I have a new container (or lets say toy). It’s called Speedtest-Tracker and you can setup automatic speedtests (also with a predetermined testserver). Average so far:
Download (Gbit/s): 8.106
Upload (Gbit/s): 5.282
Ping (ms): 4.02
Should I contact my ISP as I’m not getting >8Gbit/s Upload? I had 8.5/8.5 with Init7 before.
No, that’s what you get when you choose a cheap overbooked provider over the gold standard. They will propably argue that even if it’s almost half the advertised value, 5Gbit/s is still plenty and download is much more important than upload blabla.
I mean the QoQa offer for CHF 42.90 was just too good to pass on. Init7 is CHF 65-69 per month and I need to rebuy the router for CHF 280. Is it really worth it?
I think I’m still going to open up a support ticket with Sunrise. Maybe they can change my config or whatever to get me more upload speed.
Wow. This is a reall cool setup. I thought I was crazy about security of own data but this is next level. My setup is much simpler - everyone in family has a OneDrive which synchronizes their “Documents” and Phone photos & files, hence each have on-device and network copies (keep on device option set ‘on’), using both Windows and Mac devices/systems. There is a ‘family’ shared drive on OneDrive and this one is backed up to local machine as well. The OneDrive is then backed synchronized ot Synology, which sits at home. Passwords on 1Password, 2FA where possible through Google or Microsoft app.
using your freshly acquired experience, how would you suggest I solve the following:
- I can sync OneDrive folders that I control but not the ones from my family members (i do not want to know their passwords) to Synology NAS - any software/solution. any other suggestions as to which NAS? i’m fine to tinker a bit, but typically want to stay with ‘consumer grade’ products
- my mesh network is getting old (no security updates anymore), which would you suggest, ideally with the DNS server capability and dual WAN (I have swisscom + cable network). same comment, i’m ok to do settings, open/close ports and packet forwarding but not too keen to re-compile server kernel, etc.
thanks. your story is quite inspirational !!
They probably offer the advertised speed (up to the fiber collector, it’s just shared among users and if the peering is saturated you won’t be able to reach the max).
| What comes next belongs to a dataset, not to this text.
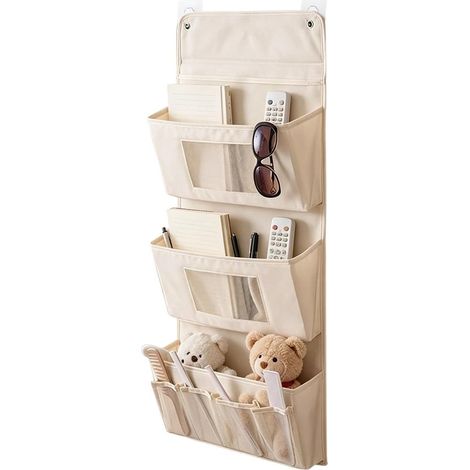 Sac de rangement mural pliable en tissu Oxford à trois couches avec deux crochets - 40x90 cm - couleur abricot - la penderie et la chambre (1/5)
Overcommitting is how they’re able to offer such low price.
In curious if you considered tailscale funnel for your brother:
So he could access without a VPN but you wouldn’t need to keep a hole open in your router firewall.
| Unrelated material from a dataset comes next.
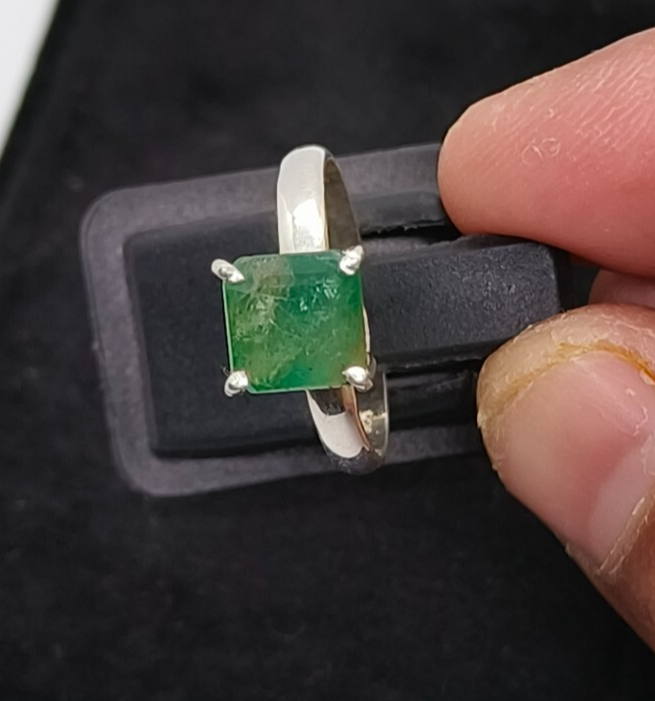Zambia Green Emerald Cut Sterling Silver Ring Size 7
Sitting here reading this thread while my CHF 0.23/month M365 6 TB subscription from Turkey is running… and wondering how many decades it’ll take before a NAS ever pays for itself…
Joke aside, very interesting insights, thank you all! Maybe I will switch to a NAS, one day.
If you want consistent speed as advertised, yes. If you don’t mind fluctuations, there are cheaper options than init7.